- DATA PROVIDED:
# # # # # # #

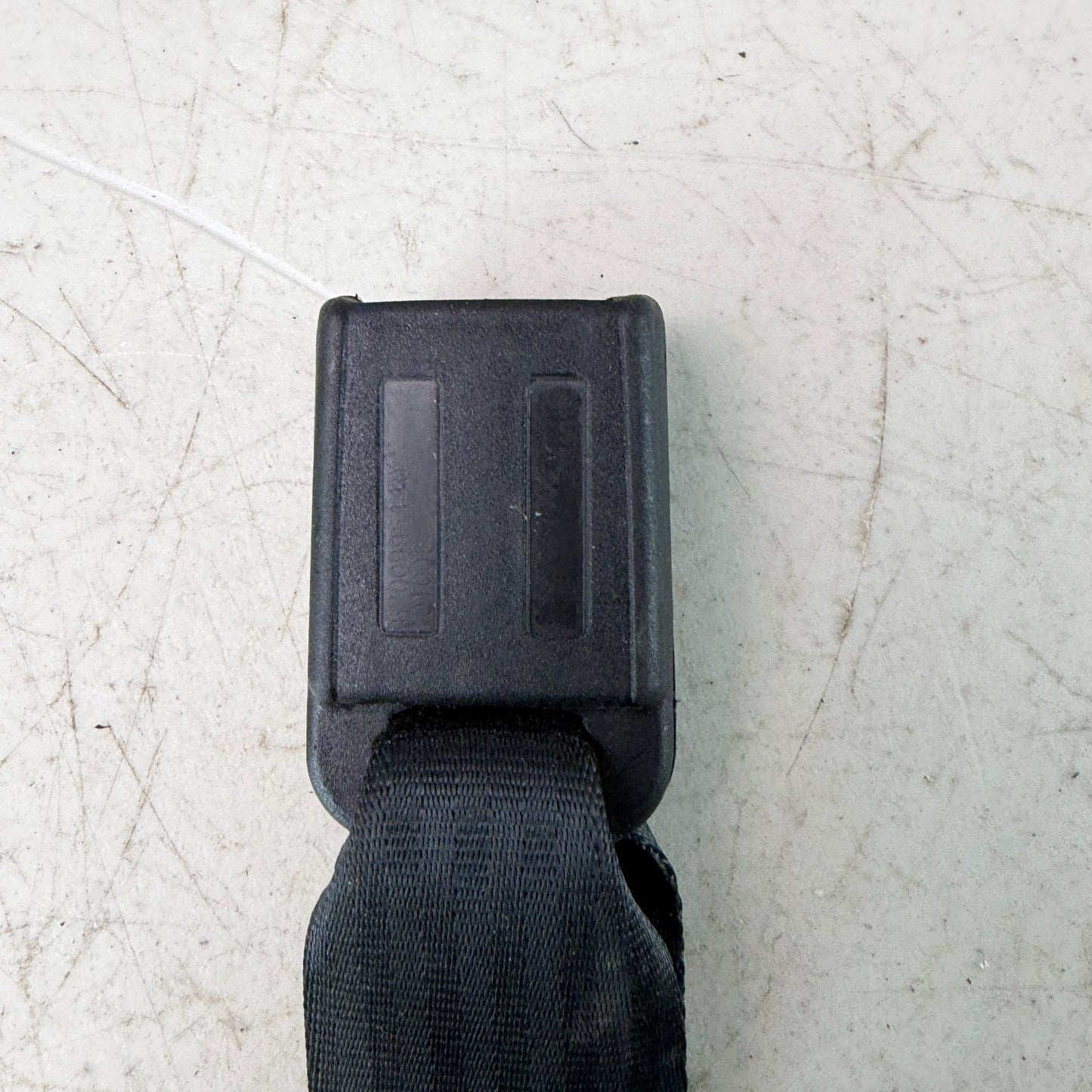 2017-2020 MASERATI LEVANTE REAR LEFT CENTER SEAT BELT BUCKLE END 06700995440 OEM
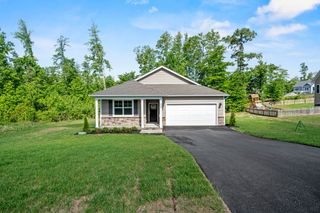 11 RIVER OAK DR, Staunton, VA 24401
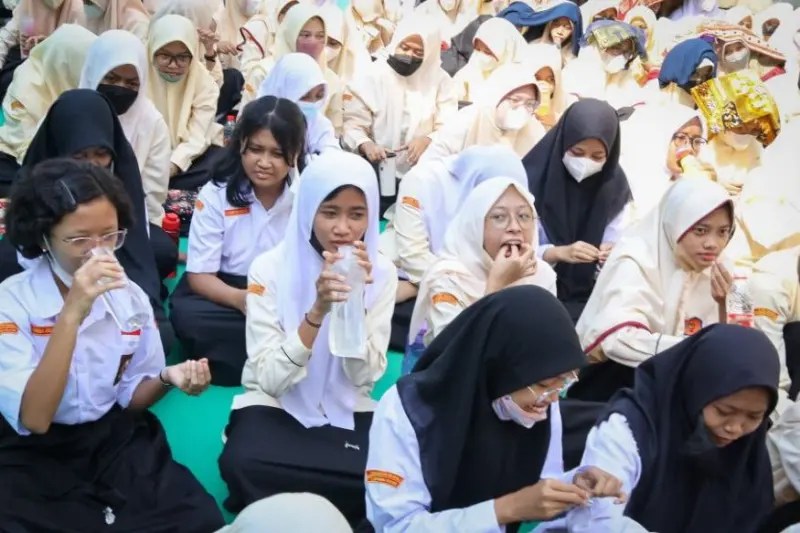 Aksi Pemkot Tangsel Cegah Prevalensi Anemia, 10 Ribu Remaja Serentak Minum Penambah Darah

# # # # # # #

- INSTRUCTIONS FOR THE TASK:
Reproduce, exactly and without pictures, the lines above from the one containing "11 RIVER OAK DR, Staunton, VA 24401" through the last line of the material, both ends included, and nothing more.

- EXERCISE ANSWER:
 11 RIVER OAK DR, Staunton, VA 24401
 Aksi Pemkot Tangsel Cegah Prevalensi Anemia, 10 Ribu Remaja Serentak Minum Penambah Darah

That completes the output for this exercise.